Out of the material that follows, write out exactly the lines from the line with "Michael Kors Jet" to the line with "IPL 2024: LSG's", both ends included, and no others.

§ SOURCE DATA

=== Begin Enclosure ===

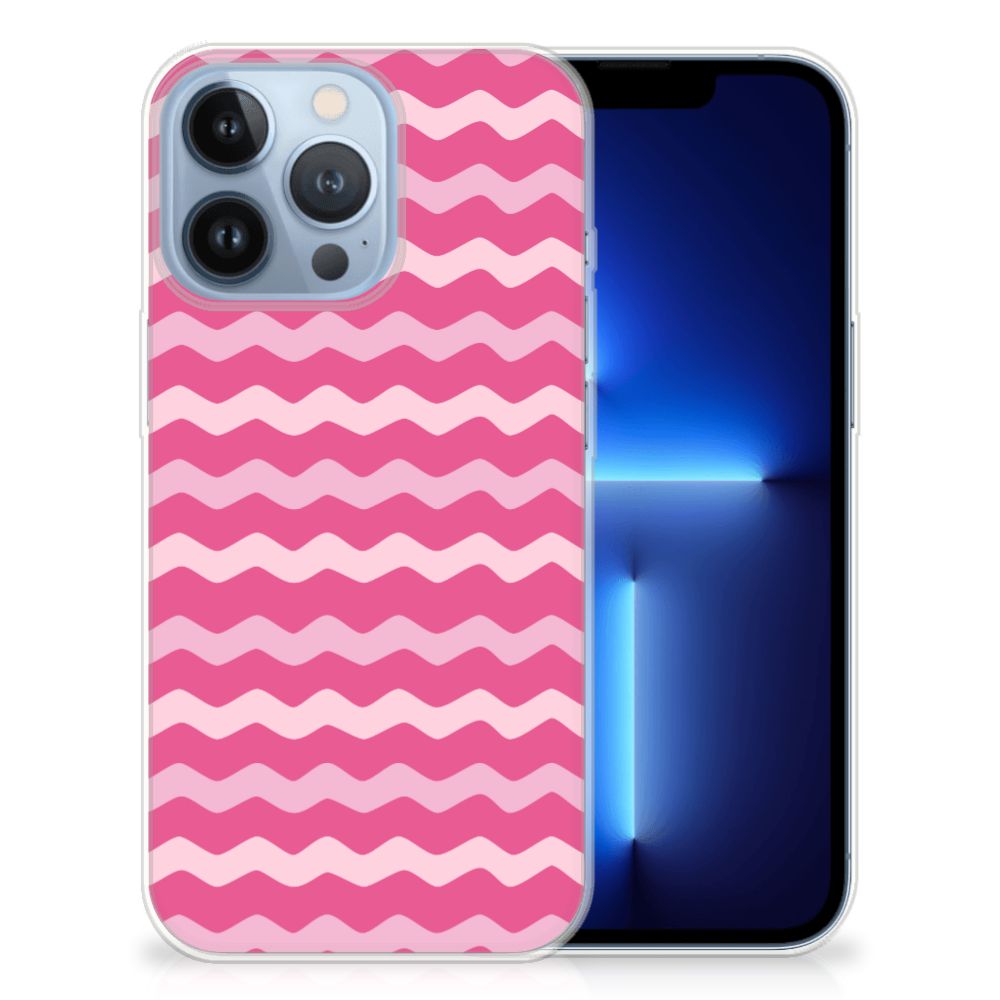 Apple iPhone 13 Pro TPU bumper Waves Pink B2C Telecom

=== End Enclosure ===
=== Begin Enclosure ===

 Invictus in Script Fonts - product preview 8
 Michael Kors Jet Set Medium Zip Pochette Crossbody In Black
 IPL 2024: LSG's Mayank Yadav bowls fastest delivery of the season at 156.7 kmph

=== End Enclosure ===

§ ANSWER TO THIS EXERCISE
 Michael Kors Jet Set Medium Zip Pochette Crossbody In Black
 IPL 2024: LSG's Mayank Yadav bowls fastest delivery of the season at 156.7 kmph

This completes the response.